No mesmo dia, recebi seu e-mail. Plínio elogiava meu artigo – com alguma generosidade, devo dizer – e fazia algumas observações sobre a sua leitura d’Os Sertões. Respondi, agradecendo a leitura e os apontamentos. Em seguida, recebi o primeiro texto da sua newsletter. Ao longo do tempo viriam muitos outros, sempre versando sobre os mais variados temas políticos, sociais, econômicos e culturais. A lista incluía acadêmicos, políticos renomados e jornalistas, oriundos das mais variadas tendências políticas e muito dispostos a contribuir e debater. Logo percebi o que era aquilo: um verdadeiro espaço de participação. Como a Governança Local Solidária. Como tantos que Plínio ajudou a criar. Para ele, termos como participação e pluralismo não eram meros termos retóricos, e sim uma prática viva, cotidiana e incorporada em todas as suas ações.

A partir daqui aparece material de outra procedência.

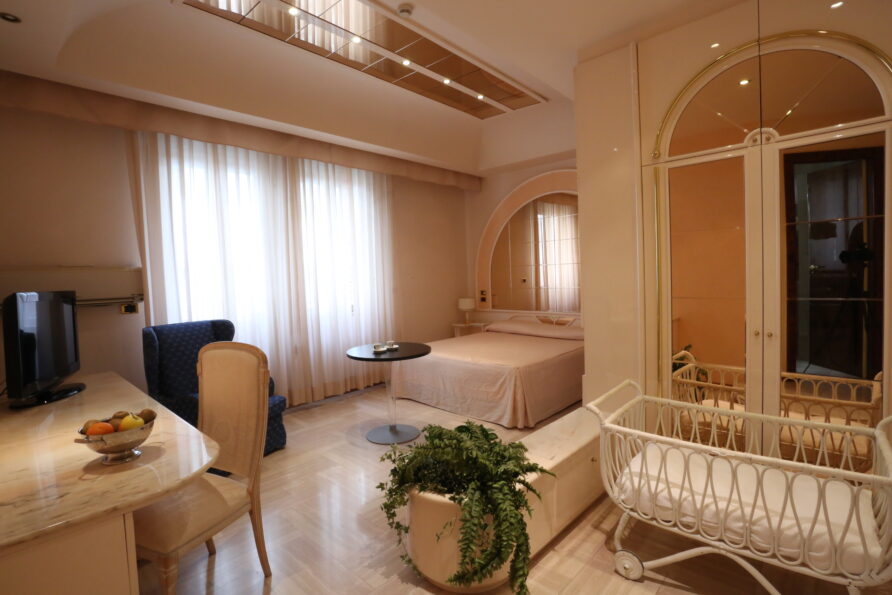 Superior double room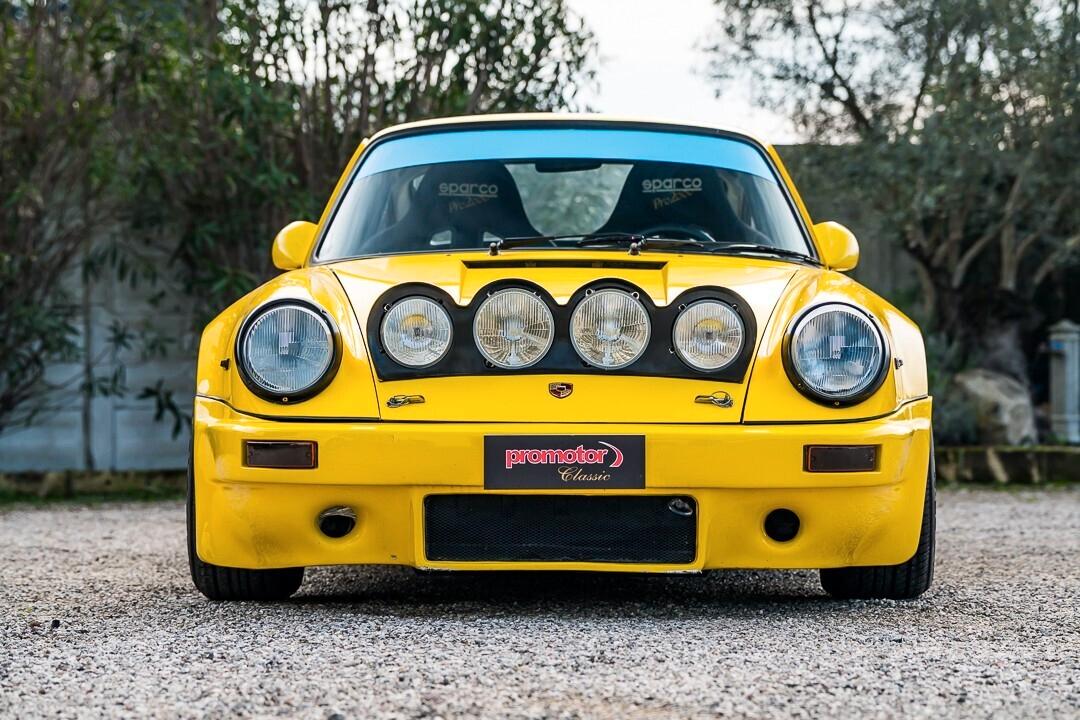 Porsche 911 2.4 “Oelklappe” RSR Tribute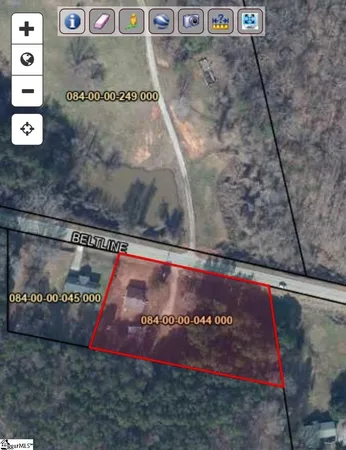 $225,000 | 856 Beltline Road, Union, SC 29379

Voltemos à pergunta sobre quem foi Plínio Zalewski. Chegou a hora de deixa-lo falar um pouco. Creio que nada substituirá a sua voz se quisermos realmente entender quem ele era. E, para isso, recorro a um dos seus muitos artigos que descansam na minha caixa de e-mails, onde ele traz uma definição da atividade que exercia diariamente: a política. Uma definição que deixa à mostra que ideias o animavam:

“Política é a aparição consciente num espaço público, no qual, pensando com minha própria cabeça, andando com minhas próprias pernas e sentindo com meu coração, expresso o que penso e o que sinto sobre os assuntos da comunidade onde vivo e, sobretudo, coopero para que, neste espaço, nasçam promessas mútuas e pactos traduzidos em ações colaborativas de interesse coletivo”

Plínio Zalewski dedicou a vida a criar canais para as pessoas participarem destes espaços, fossem eles fóruns, seminários ou newsletters. Eis aí o resumo de sua brilhante trajetória. Diante disso, pouco importam as capas de jornal; elas valem, no máximo, para o momento. Homens como ele semeiam para o futuro.